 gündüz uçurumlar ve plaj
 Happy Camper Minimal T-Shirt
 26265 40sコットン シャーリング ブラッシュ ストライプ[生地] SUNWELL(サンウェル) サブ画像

......

Problem requirements →
All lines from the one containing "Happy Camper Minimal T-Shirt" through the end of the data, and no others, are to be given again word for word.

Result →
 Happy Camper Minimal T-Shirt
 26265 40sコットン シャーリング ブラッシュ ストライプ[生地] SUNWELL(サンウェル) サブ画像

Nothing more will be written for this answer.